You and your wife need to get on the same page about how you are going to deal with this. Your wife seems to think this is an indicator of your daughter's entire life, personality, etc. It is not. She made a mistake. It is not the mistakes you make that matter, it is how you clean them up and straighten out your path. THAT is the message you both need to be sending. Yes, you need to reassure that you love her, but with your wife withholding, you are only teaching her to doubt that love. Firm, loving guidance as to what is next, how she can move forward...that is what will show your love, and that is what will have her come to you in years to come with her problems.


----------



## marriageontherocks2

It's only a problem if the behavior continues, kids will push limits and boundaries. She's definitely not the first kid to shoplift. I would wager the vast majority of kids have shoplifted something in their life, I know I did when I was younger. I naturally one day just said "this is ****ty, I'm better than this", I actually repaid the vendor I had stolen from years past. I walked in and gave him $86.00 for a bunch of cassette tapes I had stolen.


----------



## Emerging Buddhist

RoseAglow said:


> Does your family do any volunteer work? Can you have her do some community "penance" like serving at soup kitchens or going out with adults to give coats/hats to homeless people? Some sort of way to let her see the end result of really bad decision making, but in a safe group. Maybe make her earn the fine in both money and service?

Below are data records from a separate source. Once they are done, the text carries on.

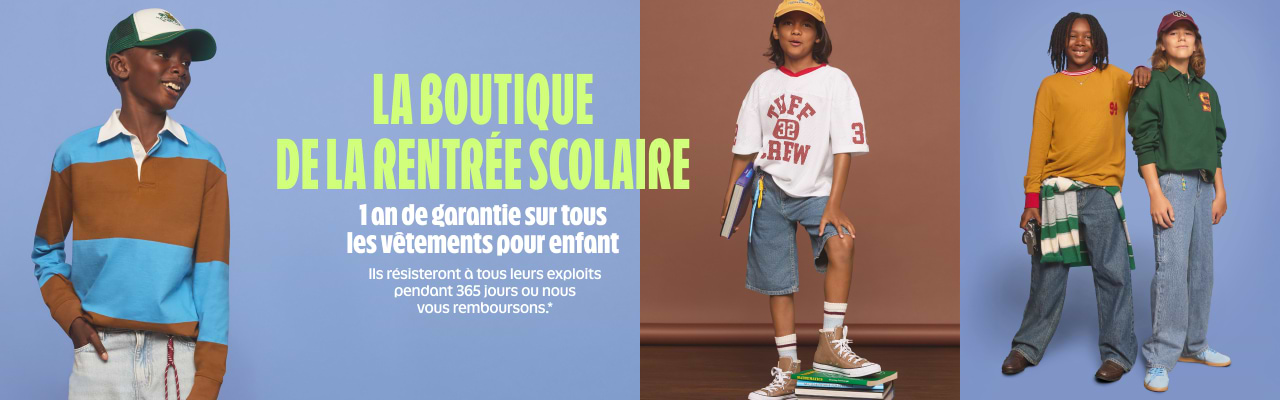 La boutique de la rentrée scolaire. 1 an de garantie sur tous les vêtements pour enfant. Ils résisteront à tous leurs exploits pendant 365 jours ou nous vous remboursons. Des exclusions s’appliquent.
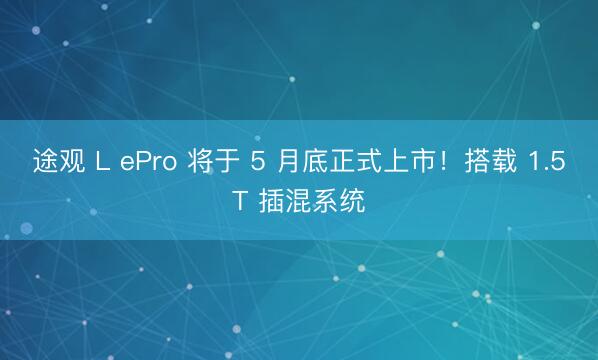 途观 L ePro 将于 5 月底正式上市！搭载 1.5T 插混系统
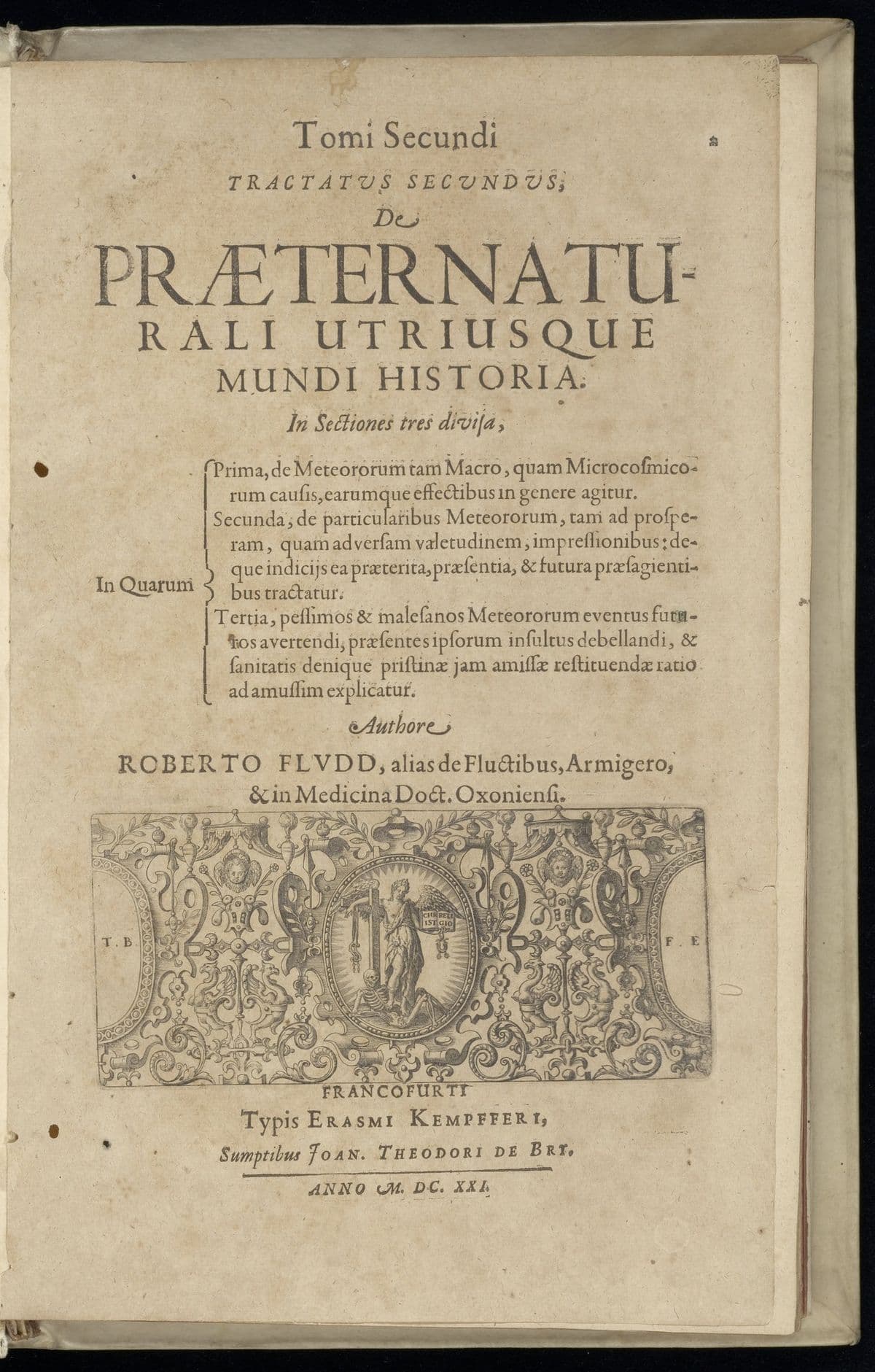 Tomi secundi tractatus secundus; De praeternaturali utriusque mundi historia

This thought should be framed...


----------



## Aspydad

When I was 14, I was hanging with the wrong crowd as well. I knew it was wrong to steel, but my friends were doing it and challenged me too - so I did. What we do was go to the 7-11 store near the school I went to, and buy an ICEE (Slurpey as they are called now) and then drink it while looking for other things in the store - we would put gum into the ICEE when no one was looking - probably stole 20 cents at a time probably around 10 times. I still feel guilty to this day. About 10 years ago I went to a 7-11 and bought something and then told the clerk to keep the change about 5 dollars to pay it back. I still feel guilty.

So, when my middle daughter - in her first year of college got caught shoplifting at a Walmart - I understood - even though to this day she denies she was trying to steel. She went through the self checkout and low and behold they actually have people watching on video to make sure that all items are scanned - she missed a $10 dollar item and got caught. She says it made the sound and she thought it got scanned. She threw the receipt out right away (why I do not know) and told me she did not even look at it - she did have other items. The thing is she was using my credit card and there was no limit - I pay for make-up and toiletries at college - it was not even her money - so why??? Anyway, the police got called and she was charged - but, since it was first offence the police did not want to pursue, it was dropped. But, Walmart had the option to press civil charges for the theft of $10 worth of stuff. How I found out about this is that I got a letter in the mail from a lawyer (representing Walmart) wanting about $500 to settle to save me from having to pay $2000 to Walmart if they pressed charges and won in court. I called this lawyer and told him to pound sand and that I would see them in court - never heard from them again.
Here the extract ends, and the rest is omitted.